Bill Owens

Survivor

On September 24, 2009, I had laparoscopic gallbladder removal surgery. I was supposed to be back at work in a week or so depending on how well I did. After surgery, I didn’t do well in recovery. I was in a lot pain that day and had some shortness of breath as well. Then when I made it home that afternoon, I was so uncomfortable, I couldn’t sit, stand or lay, I was just miserable. (Sepsis and Surgery)

It was about 8 p.m. that evening when suddenly I felt like someone had turned off my oxygen. I could barely move any air, so my wife called an ambulance for a trip back to the hospital. In the E.R., all my tests were inconclusive, but (thank goodness) they kept me there to see the doctor in the morning.

Moving to three days later, Sunday morning 9-27-09, my doctor (surgeon) came in my hospital room and had another doctor with him, a nephrologist (kidney doctor). Things were getting very serious now. My blood work was bad, my kidneys were failing, I was swelling from retaining fluid, I had no appetite, and the bottom lobes of my lungs were wet and sticky and were collapsing. The doctors were talking about putting me on kidney dialysis. So they decided to send me up to the ICU unit.

My wife didn’t see me again until late that afternoon and she said I was much worse than that morning and was as bad as I could possibly be. By 6 p.m.
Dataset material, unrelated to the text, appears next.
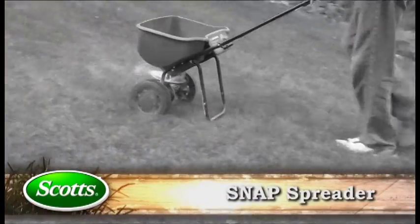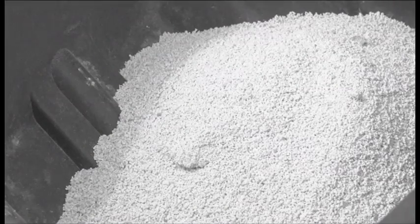Traditional fertilizing and broadcast applications for lawn products really hasn't changed since they hit the market. Cutting open bags, pouring fertilizer, and complicated application settings — not to mention storage.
Sunday evening, the surgeon came out and told my wife he was going to take me back into surgery as soon as he could get a surgical team to the hospital. During that surgery, they discovered that in the process of trying to remove my gallbladder, they had cut my intestines and I was in septic shock.
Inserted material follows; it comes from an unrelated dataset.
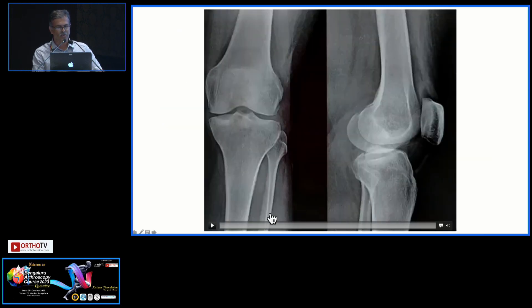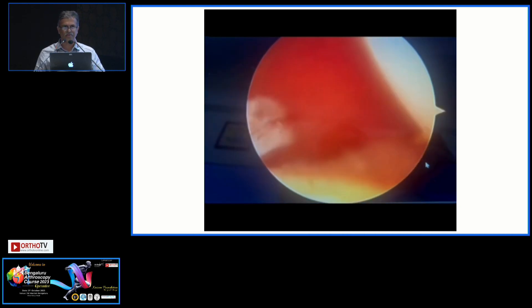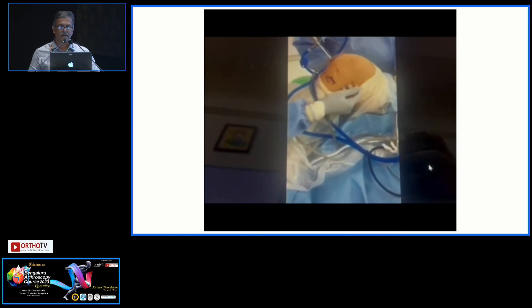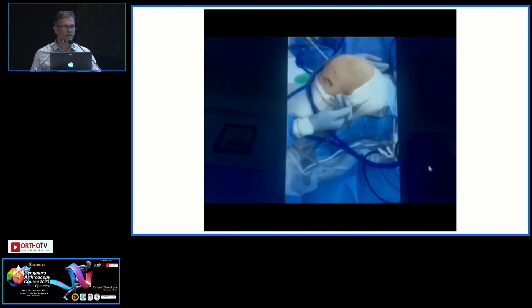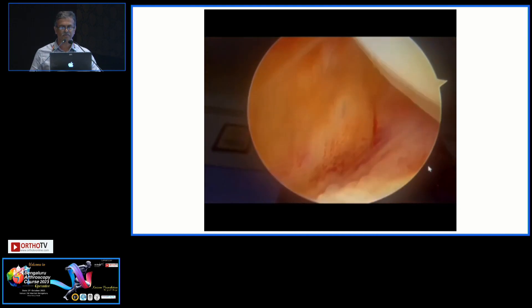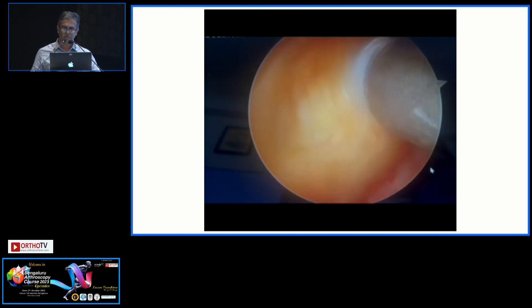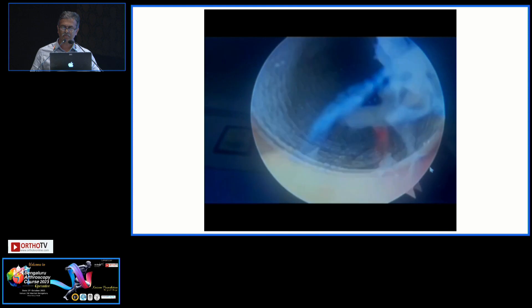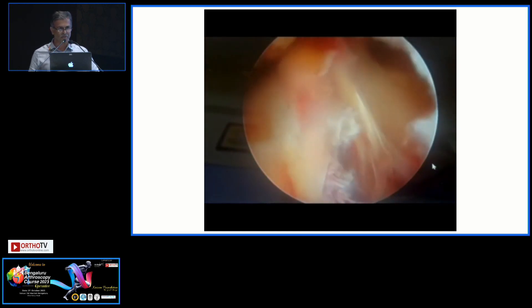This video demonstrates exactly how I do it — this is just an avulsion to demonstrate. As discussed, the posteromedial portal is a must. You have to examine and prepare the bed, and visualizing the fragment from posterior is very, very important. You make the portal with the help of a needle first, then create the portal and put a cannula so that it becomes easy for management later. You are visualizing from the anterolateral portal, between the PCL and the medial femoral condyle, to see into the posteromedial pouch.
bill_owens_hospitalWhen I came out of surgery, my wife told me I had 10 to 15 IV different size bags colors of antibiotics plus my regular IVs from surgery flowing through me. I also had 20 doctors treating me. The next week I was in a drug induced coma on a ventilator. No one knew if I was going to live or die. It was a wait and see thing. I spent two weeks in the ICU unit, came off the ventilator and was in a room in a couple of days. I spent another week in the hospital, three weeks in all. Then I had to have home healthcare nurses come to my house for about a month after I went home.

It was three months before I could return to work. I lost 30 lbs. during that three weeks in the hospital, because I had gone two weeks without a bit of food in my mouth. But I am doing great now. I’m very fortunate to be alive to tell my story.